Image-caption web data ->
=== Section Start ===
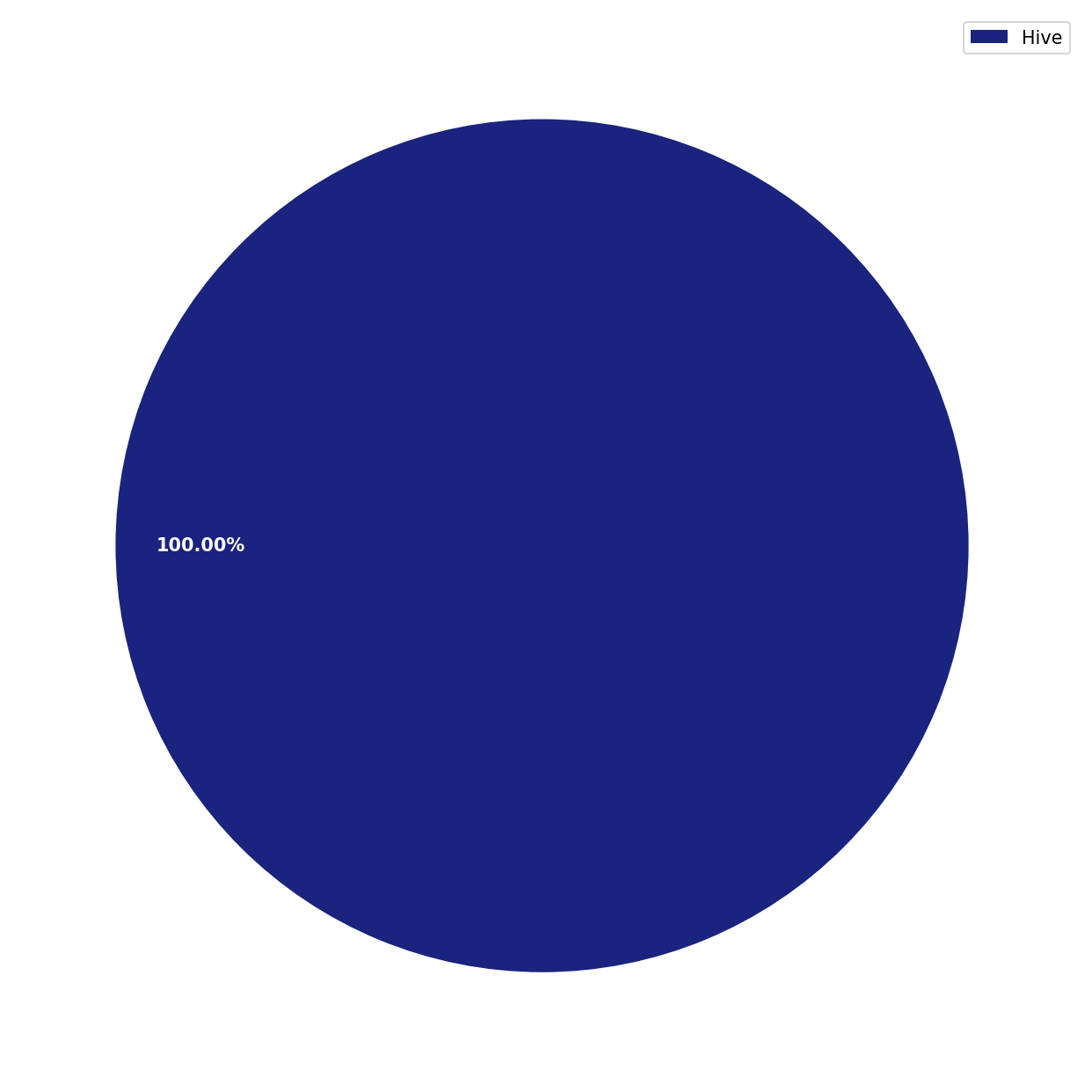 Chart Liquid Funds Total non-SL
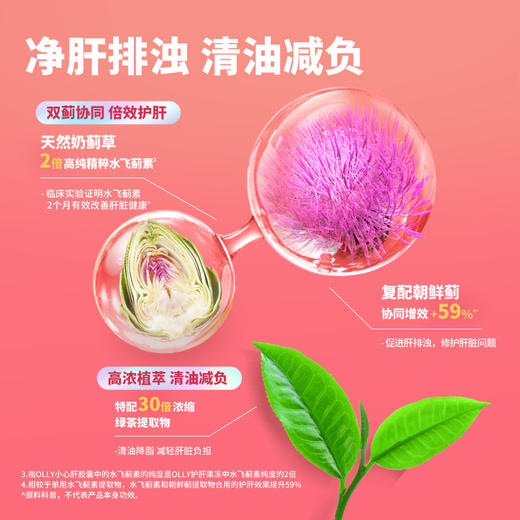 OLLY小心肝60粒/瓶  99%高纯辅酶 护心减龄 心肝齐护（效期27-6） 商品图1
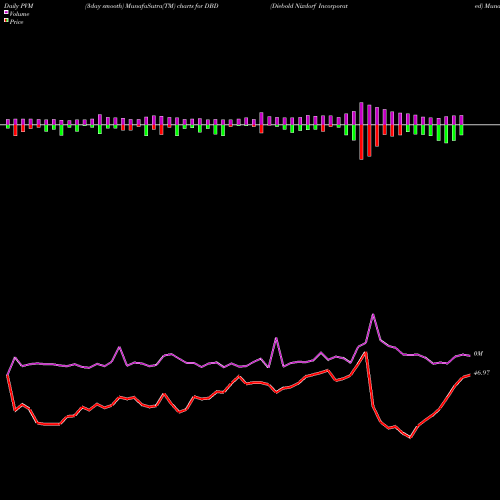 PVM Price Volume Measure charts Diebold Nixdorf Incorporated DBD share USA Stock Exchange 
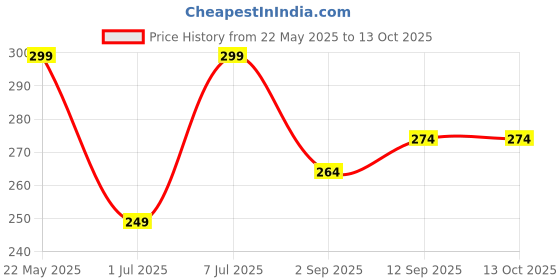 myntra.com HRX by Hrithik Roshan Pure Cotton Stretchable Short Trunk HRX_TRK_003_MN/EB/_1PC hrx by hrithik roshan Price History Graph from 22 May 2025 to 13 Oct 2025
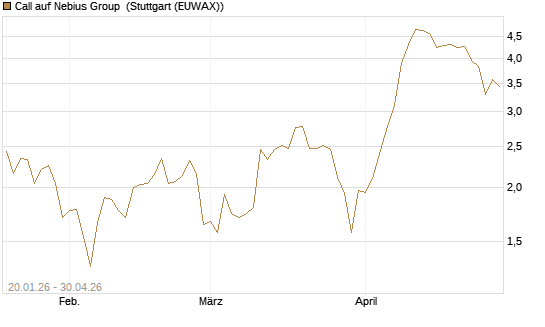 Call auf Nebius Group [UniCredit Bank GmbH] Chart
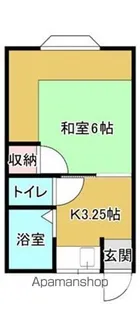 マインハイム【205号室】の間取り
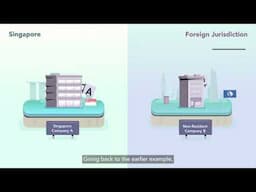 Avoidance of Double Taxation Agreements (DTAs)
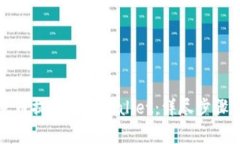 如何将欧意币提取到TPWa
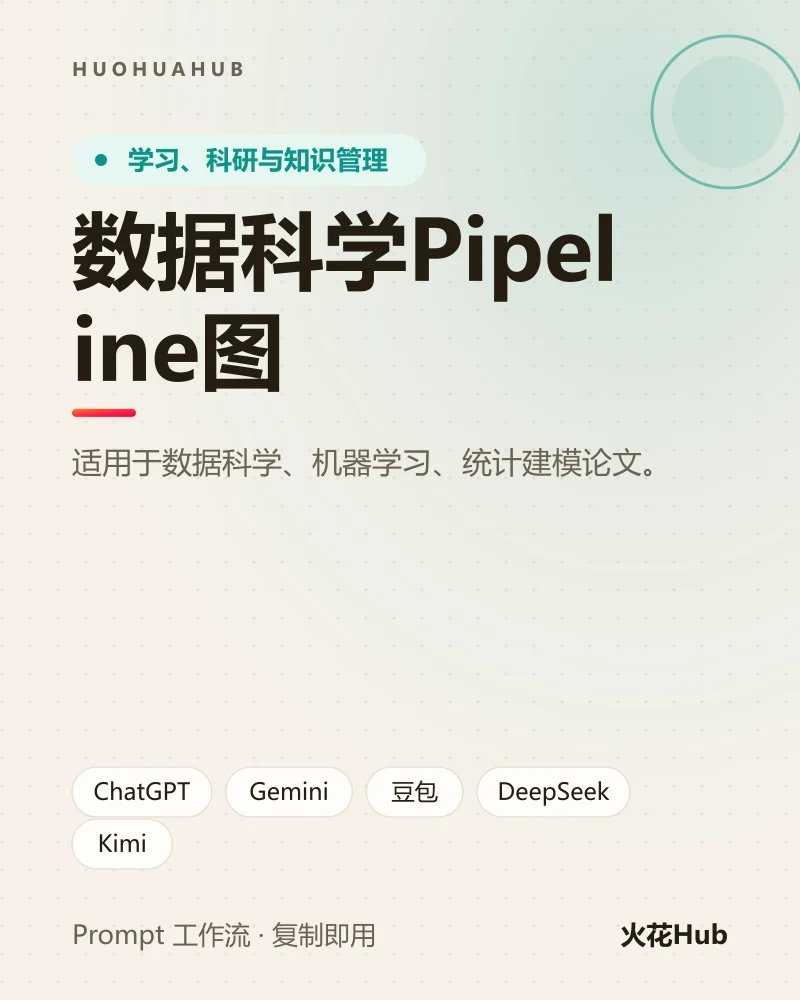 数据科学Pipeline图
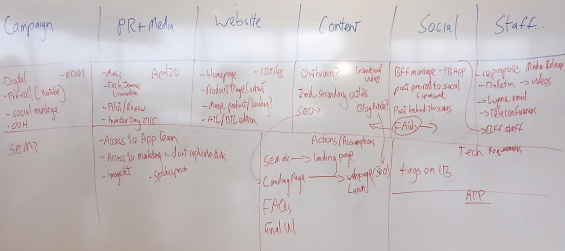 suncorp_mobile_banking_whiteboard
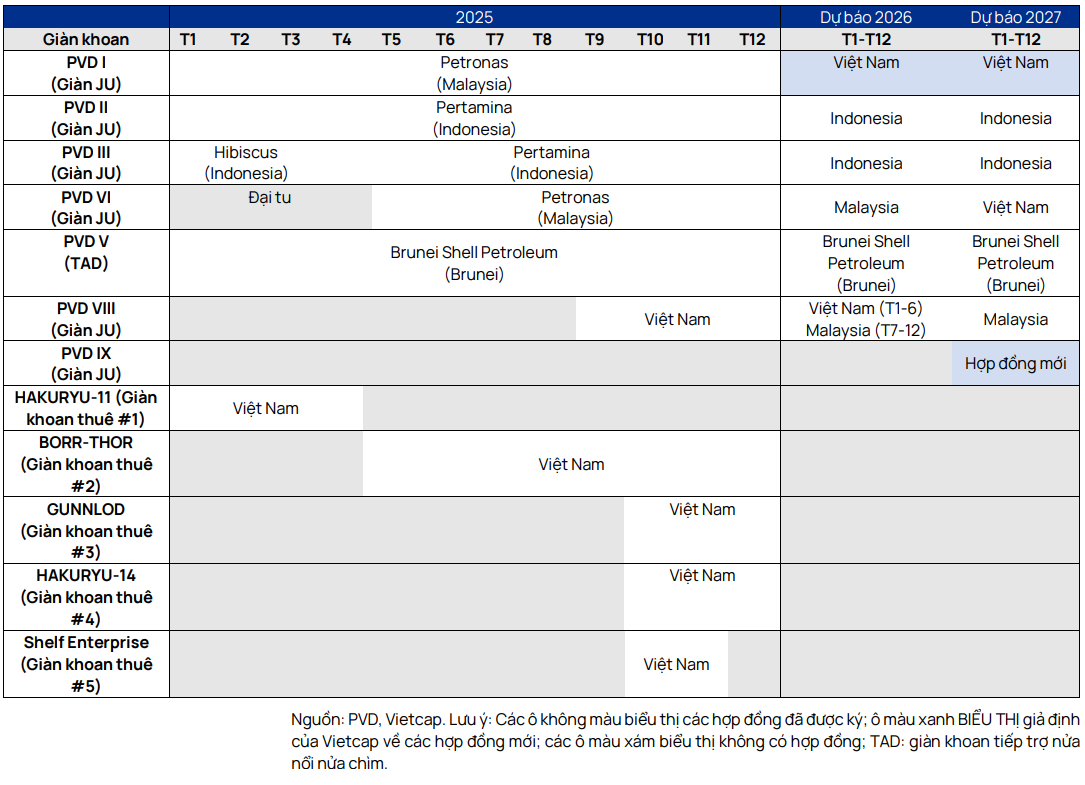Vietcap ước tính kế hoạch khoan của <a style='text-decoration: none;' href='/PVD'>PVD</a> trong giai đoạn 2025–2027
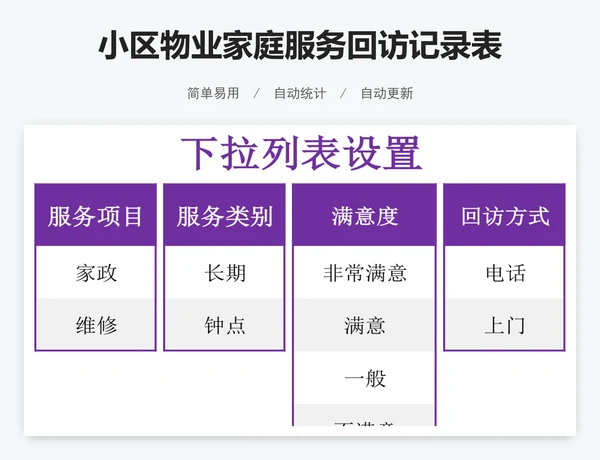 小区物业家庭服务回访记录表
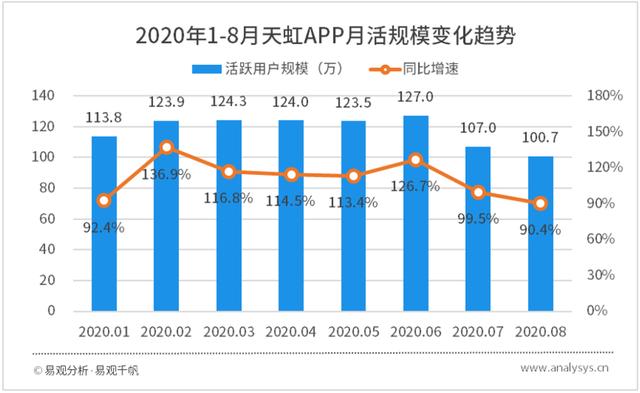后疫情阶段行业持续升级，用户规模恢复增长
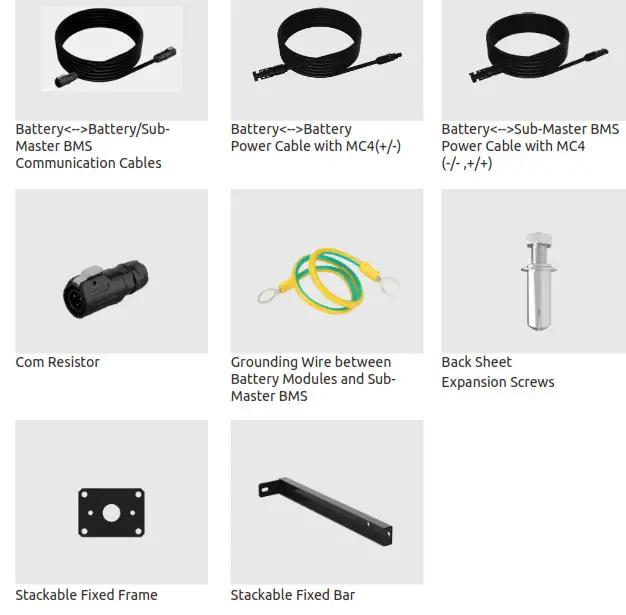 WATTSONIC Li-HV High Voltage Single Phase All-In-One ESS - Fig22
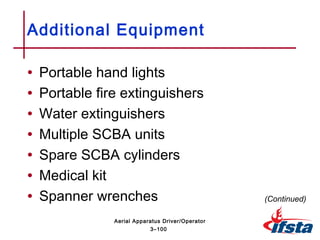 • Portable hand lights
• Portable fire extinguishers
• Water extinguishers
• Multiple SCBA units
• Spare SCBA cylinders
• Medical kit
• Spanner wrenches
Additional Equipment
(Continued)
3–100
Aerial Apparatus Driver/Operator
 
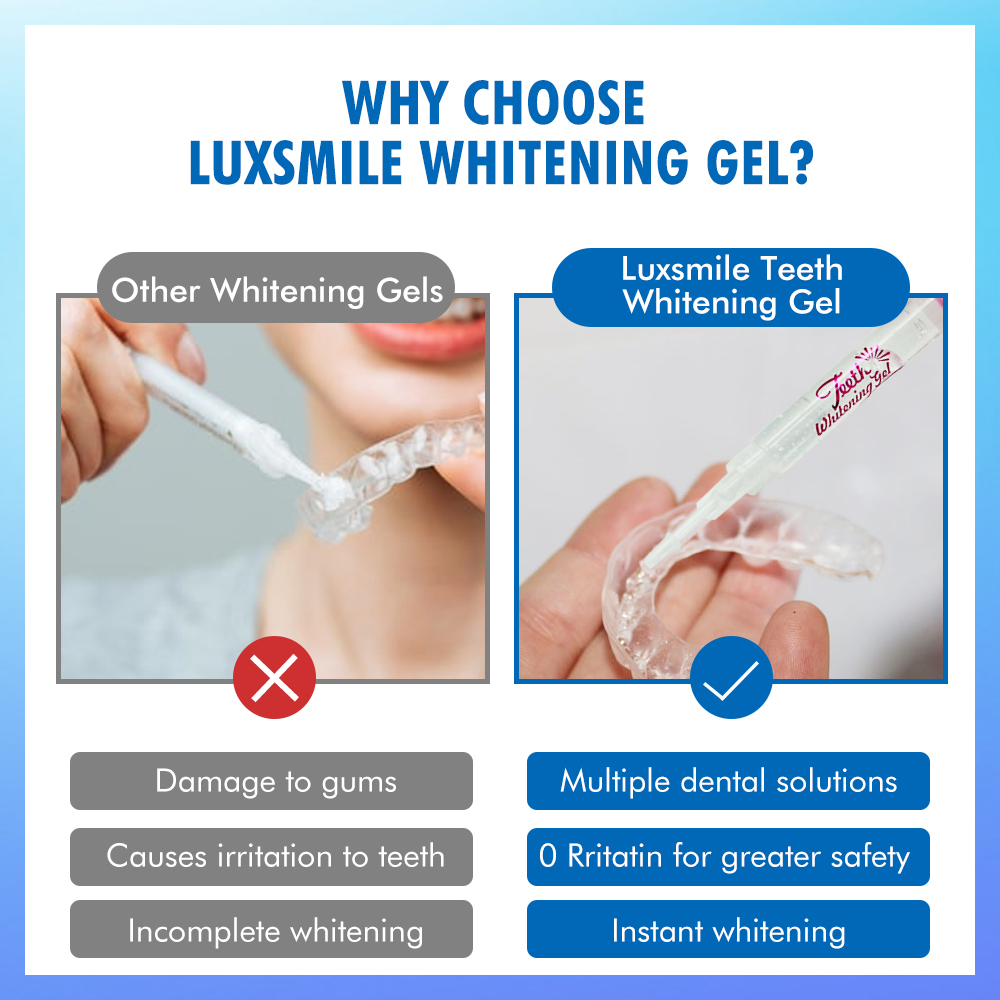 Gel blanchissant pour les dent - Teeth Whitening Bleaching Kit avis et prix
=== Section End ===
PROBLEM DESCRIPTION -> Going through the data above, return each line with the word "SCBA".

RESPONSE BELOW ->
• Multiple SCBA units
• Spare SCBA cylinders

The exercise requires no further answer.